Set down, unchanged, the line holding "When it comes" and all lines that follow it to the end of the material, leaving pictures out.

Data shown START

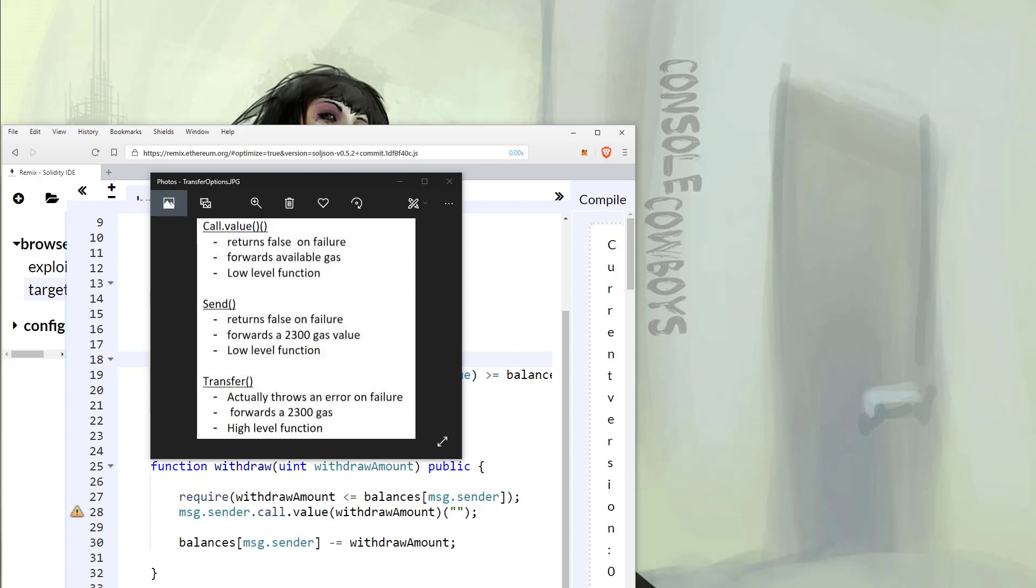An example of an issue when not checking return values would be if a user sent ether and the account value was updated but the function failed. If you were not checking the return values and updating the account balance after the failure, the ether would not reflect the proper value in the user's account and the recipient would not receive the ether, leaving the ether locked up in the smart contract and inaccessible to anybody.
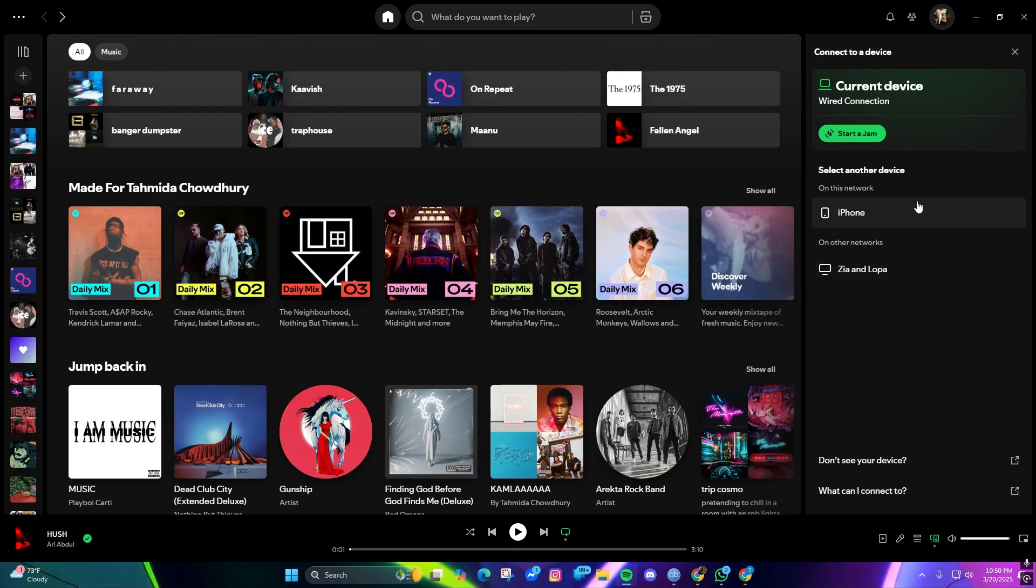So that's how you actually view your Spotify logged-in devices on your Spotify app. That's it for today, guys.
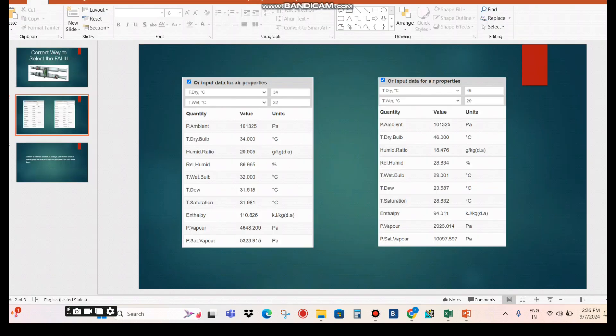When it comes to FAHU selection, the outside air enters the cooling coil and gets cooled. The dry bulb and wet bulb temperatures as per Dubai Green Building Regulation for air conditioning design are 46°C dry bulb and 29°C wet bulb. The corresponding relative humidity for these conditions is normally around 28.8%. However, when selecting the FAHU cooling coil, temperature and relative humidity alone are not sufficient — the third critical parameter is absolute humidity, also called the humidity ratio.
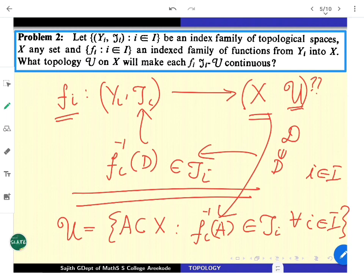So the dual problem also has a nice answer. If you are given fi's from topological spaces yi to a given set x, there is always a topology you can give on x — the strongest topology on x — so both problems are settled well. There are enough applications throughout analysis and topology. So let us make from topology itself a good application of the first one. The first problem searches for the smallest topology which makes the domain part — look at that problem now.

Data shown END

> _Answer to this problem_:
When it comes to FAHU selection, the outside air enters the cooling coil and gets cooled. The dry bulb and wet bulb temperatures as per Dubai Green Building Regulation for air conditioning design are 46°C dry bulb and 29°C wet bulb. The corresponding relative humidity for these conditions is normally around 28.8%. However, when selecting the FAHU cooling coil, temperature and relative humidity alone are not sufficient — the third critical parameter is absolute humidity, also called the humidity ratio.
So the dual problem also has a nice answer. If you are given fi's from topological spaces yi to a given set x, there is always a topology you can give on x — the strongest topology on x — so both problems are settled well. There are enough applications throughout analysis and topology. So let us make from topology itself a good application of the first one. The first problem searches for the smallest topology which makes the domain part — look at that problem now.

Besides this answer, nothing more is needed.